Cumhur İttifakı’nın siyasi iktidarı cemaat-tarikat-Hizbullah ile bağlantılı bir partiyle paylaşma fikri bile son derece tehlikeli ve laik, sosyal hukuk devletine açıktan karşı duruş sergilemek demek. Canını kurtarma derdine düşmüş olan Cumhur İttifakı’nın bu tehlikeli yapılanmaları devlet korumasına alması demek. Hayatlarımızı, haklarımızı, geleceğimizi pazarlık konusu yapmak ve bunu masaya yatırmak Anayasa'ya aykırı. Yaşamlarımız, haklarımız, geleceğimiz üzerine yapılan pazarlıkları asla kabul etmeyiz. Kadınların, çocukların, LGBTİ+ların hayatları, yaşam biçimleri hiçbir partinin siyasal beka aracı değildir. Hayatlarımızın bu tartışmalarda ve/veya çatışmalarda ya pasif bir “nesne” olarak ele alınmasına itirazımız hiç bitmeyecek.

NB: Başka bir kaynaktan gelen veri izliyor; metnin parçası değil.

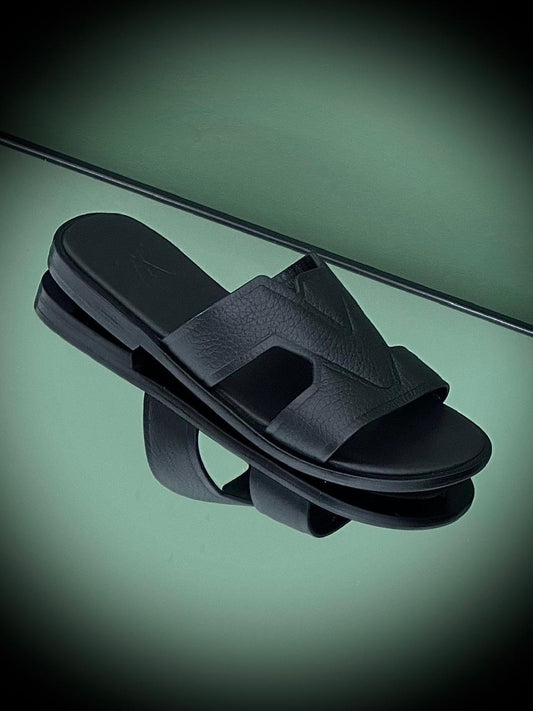 Louis Vuitton Slippers 3 colors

Ve yürürlüğe girdiği günden beri etkin uygulanması noktasında mücadele ettiğimiz bir yasa olan 6284 sayılı kanun eksiksiz uygulanacak. Yeter mi? Elbette yetmez. Türkiye, tekrar İstanbul Sözleşmesi’nin taraf ülkelerinden olacak. Sözleşme’nin yüklediği tüm yükümlülükleri yerine getirecek. Bu seçim kadın, çocuk, LGBTİ+ düşmanlığı ve açıktan nefret suçu işleyenler ile diğerleri arasında bir seçim olacak. Bu seçim; nüfusun yarısını oluşturan kadınların mecliste eşit temsil edilmesini önceleyen, kadın-erkek eşitliğini devlet politikası olarak benimseyenler ile zifirî karanlığa çekmeye çalışanlar arasında geçecek. Her zaman olduğu gibi; bu seçimde de kadınların özgürlük mücadelesi, toplumun özgürlükler dünyası için son derece kilit bir role sahip. Yine demokratik mekanizmaları korumak için yoğun bir mücadele gerektiren bir dönemdeyiz.

Ya koyu karanlığı birlikte yırtacak ve şafağın aydınlığına kavuşacağız, ya da nefessiz kalacağız.